#### TASK INPUTS ####

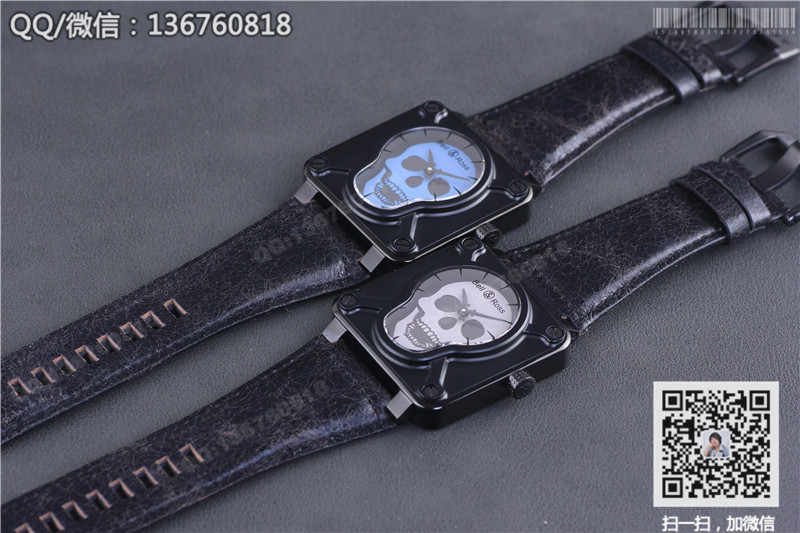 Jam Tangan Mekanikal Automatik Koleksi Penerbangan Bell & Ross Tengkorak
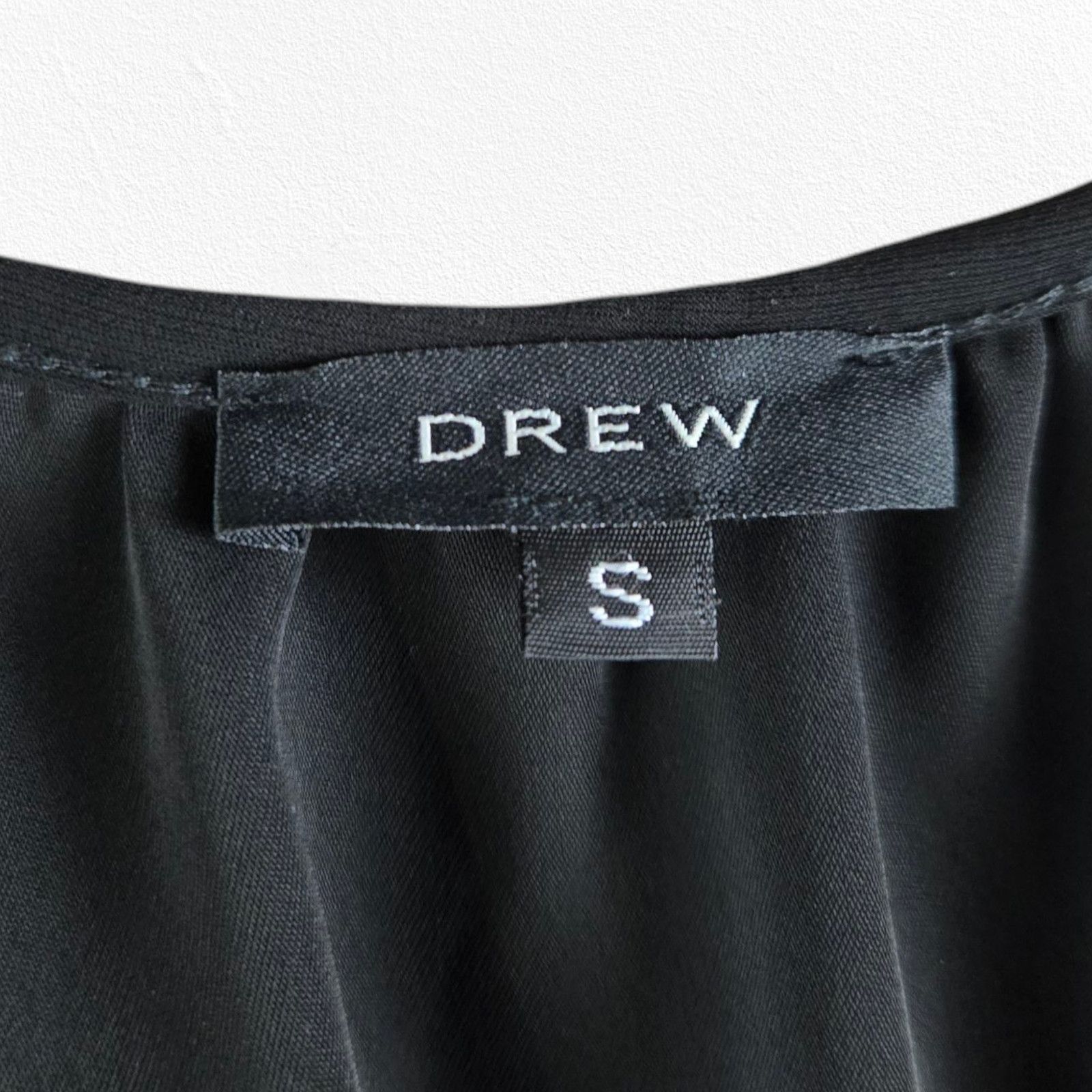 Drew Drew Black V Neck Drawstring Waist Jumpsuit Size Small Size 28" / US 6 / IT 42 - 6 Thumbnail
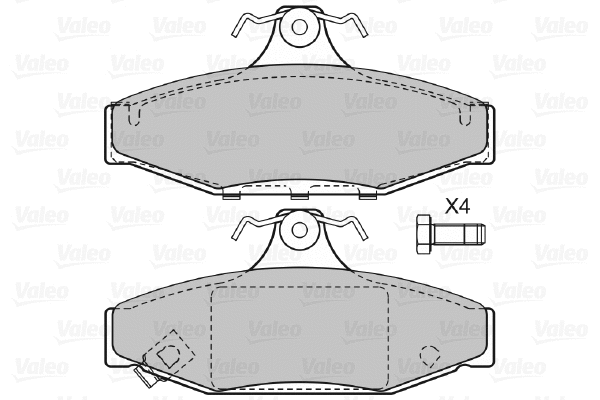 Brake Pad Set, disc brake (598854)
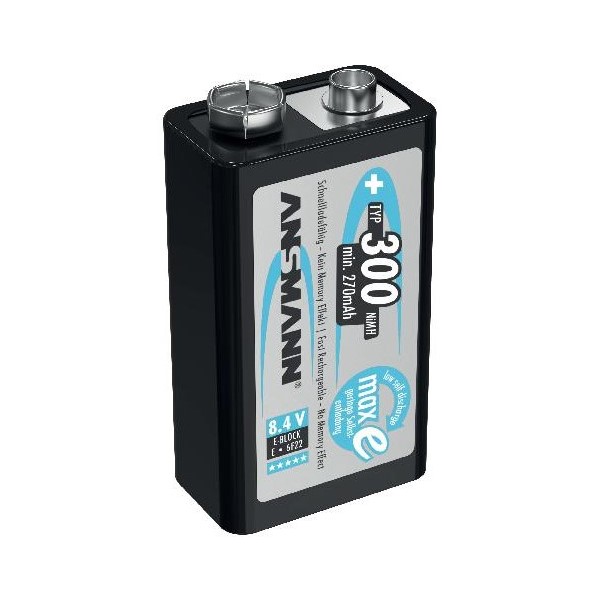 Ansmann BATTERI 9V 250MAH LADDBAR 1-PACK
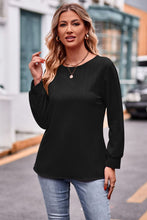 Load image into Gallery viewer, Round Neck Long Sleeve Tee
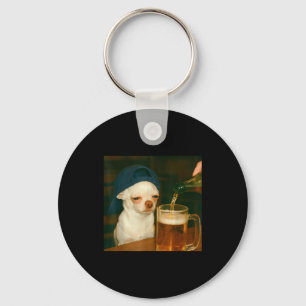 Porte-clés Mème de chien drôle de bière Chihuahua humour de r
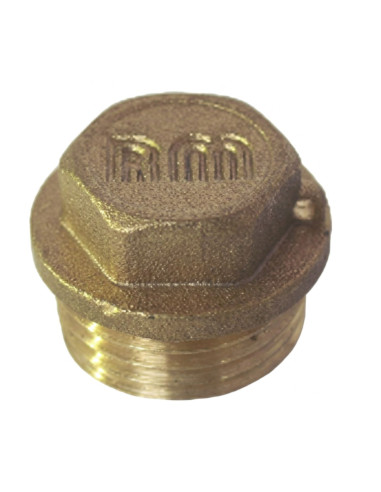 Plugue macho Figura 290 15x21 (1/2") com selo de chumbo Bronze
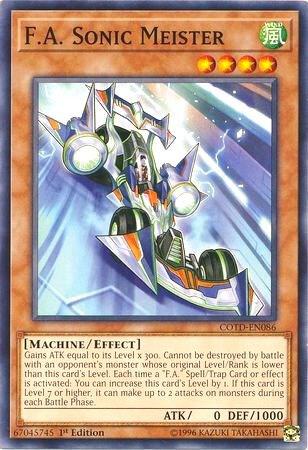 F.A. Sonic Meister trading card from Code of the Duelist F.A. Sonic Meister - Code of the Duelist YuGiOh trading card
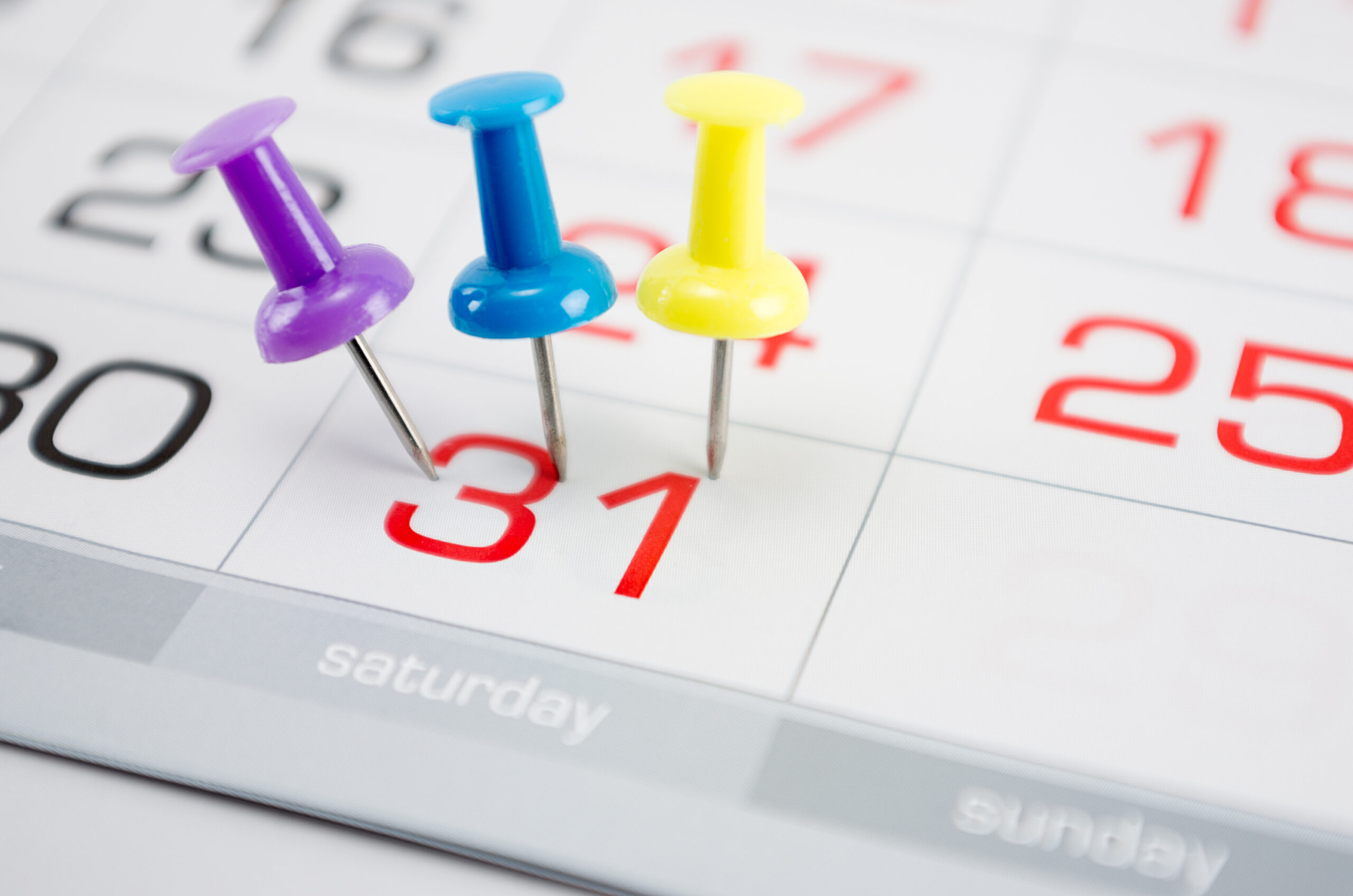 Month-end close calendar
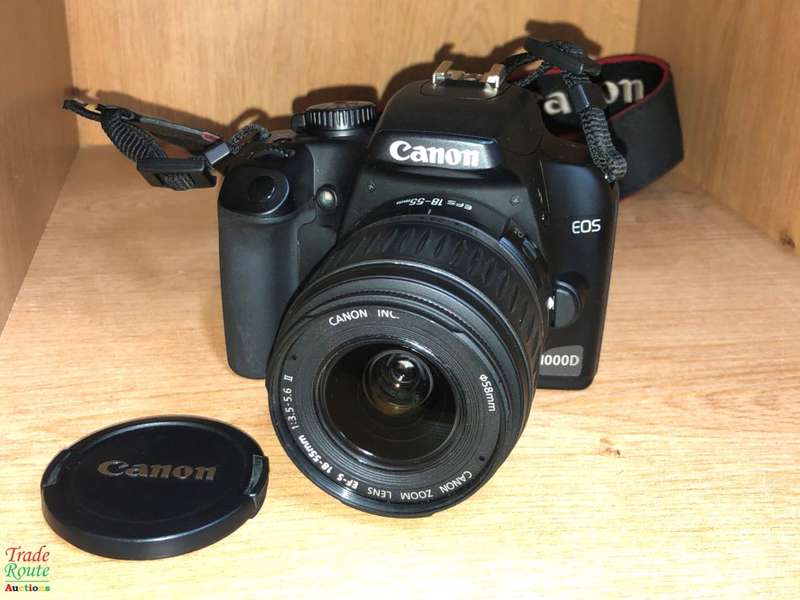 Canon EOS 1000D Digital SLR camera plus Canon 18-55mm Lens Professional KIT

####

What is needed is an exact copy of only the lines above from the one with "Drew Drew Black" to the one with "Load image into", both kept, with every picture left out.

 Drew Drew Black V Neck Drawstring Waist Jumpsuit Size Small Size 28" / US 6 / IT 42 - 6 Thumbnail
 Brake Pad Set, disc brake (598854)
 Ansmann BATTERI 9V 250MAH LADDBAR 1-PACK
 Load image into Gallery viewer, Round Neck Long Sleeve Tee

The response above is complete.